Tuesday 3 April 2012

Day 3 - Viva Espania! (31/3)

At 8.30 on Saturday morning our Brittany Ferry spat us out like a large white block of Lego on to the Spanish shores and we joined the hordes of Brits heading south.

It was at this point we began to realize that the Spanish had been busy in the years since our map book had been published and they had built new roads and to add more interest to our navigational challenges, they had cunningly changed the numbers on the roads that they had already built. Being men we steadfastly refused to ask for directions, and we blindly thrust forward – a plan that has worked for generations of Bear Grylls types (like us) - so we followed a Landrover with a Camel sticker on - driven by a bloke in a Khaki shirt, this proved inspirational, we were on our way.
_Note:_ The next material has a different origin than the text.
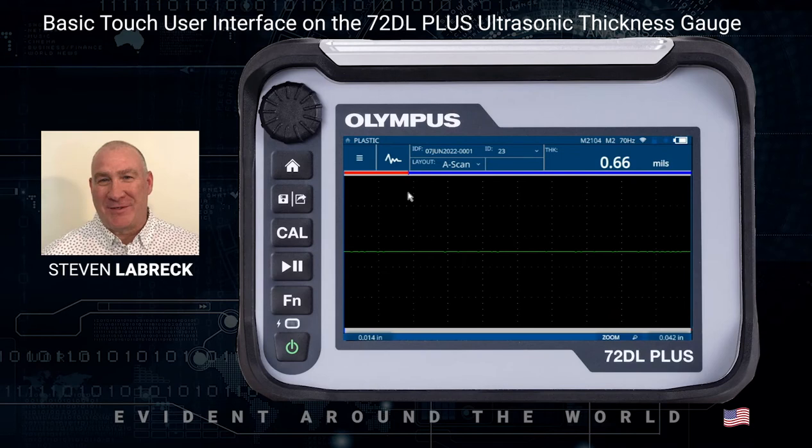In this video for the 72DL Plus, we're going to discuss the user control, the touch areas, and the screen layout for the instrument. The 72DL Plus is a mostly touch screen controlled instrument, but it also has hard keys located on the left-hand side, which also include an adjustment knob.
With our Cummings diesel thumping and our 'Blake's Seven' technology clearly impressing the locals, we powered through the Pico's del Feugo mountains that surround Santander.  At points we threatened to reach speeds of almost fifty-six mph (on the downhill sections), a speed that was not to bettered for the whole of our journey down through Spain.
As we glided effortlessly through the green hills and red tiled buildings of northern Spain we marvelled at the Red kites and storks that soared effortlessly above, and on passing the small town of La Cucaracha, the seagulls wheeling above the local rubbish tip, truly a spectacle for the bird lover.
La Cucaracha - like many of the Spanish towns is divided into quarters- the restaurant quarter, the industrial quarter, the red light quarter and the hospital quarter, a true Latin gem.
Alas, we had no time to linger, for our aim was to get to Algeciras (the gateway to Morocco) by nightfall. Onwards and upwards, our white steed relentless - like molten toothpaste sliding down the plughole - an unstoppable force.
The road carved on and on through the hills and plains (where it did rain incidentally) the views changing from green to brown, depending on the state of the dirt and spray being flung off the passing car tyres. More storks, black bulls and Spanish drivers tail-gating and weaving in and out of the traffic (that's the drivers, not the bulls and storks).
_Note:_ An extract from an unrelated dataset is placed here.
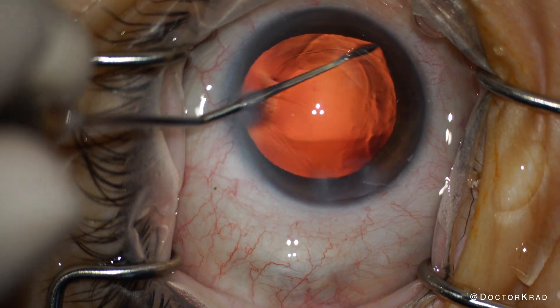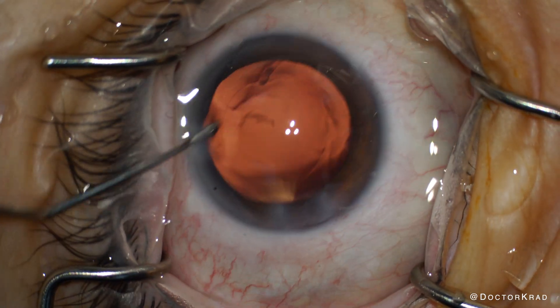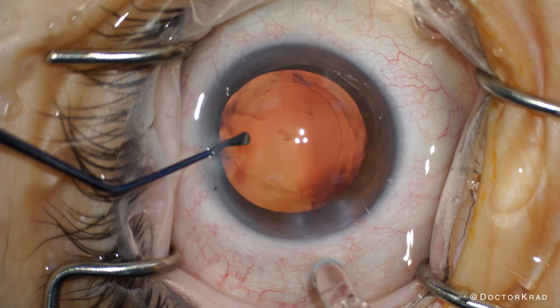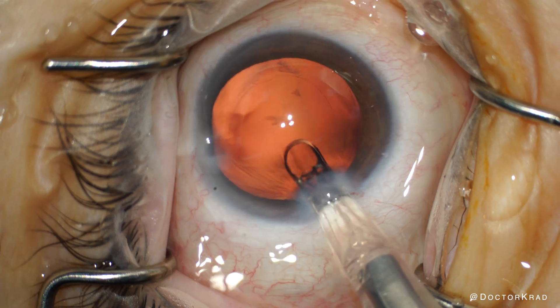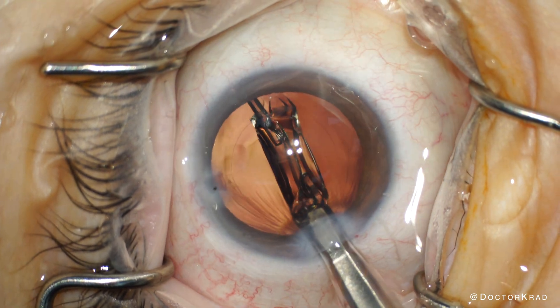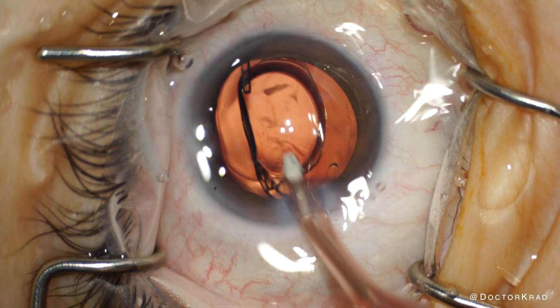Then I'm filling the capsular bag with cohesive viscoelastic and sweeping the anterior capsule with my Singer sweep polisher. I'm really hoping that this patient finds meaningful improvement of her vision. I know it's not going to be as good as the vision in her other eye, so even if there is some improvement she may not notice it, but we've got to hope for the best. Now I'm going to implant the lens — this is a monofocal lens on the NVista platform from BNL. It is hydrophobic, and I do like how it unfolds predictably without the haptics getting stuck. It has eyelets and is glistening free.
Tony and I shared the driving all the way down (approximately 800km) before eventually calling it a day just outside Algeciras (10.10pm) a long day. We parked up and shared a pot noodle and some laughing cow cheese. Marvelling at the twinkling stars - before we realized they were wind turbines (hundreds of them) dotting the surrounding hills.

Tomorrow we brave Moroccan immigration, and the adventure takes on a whole new level of uncertainty.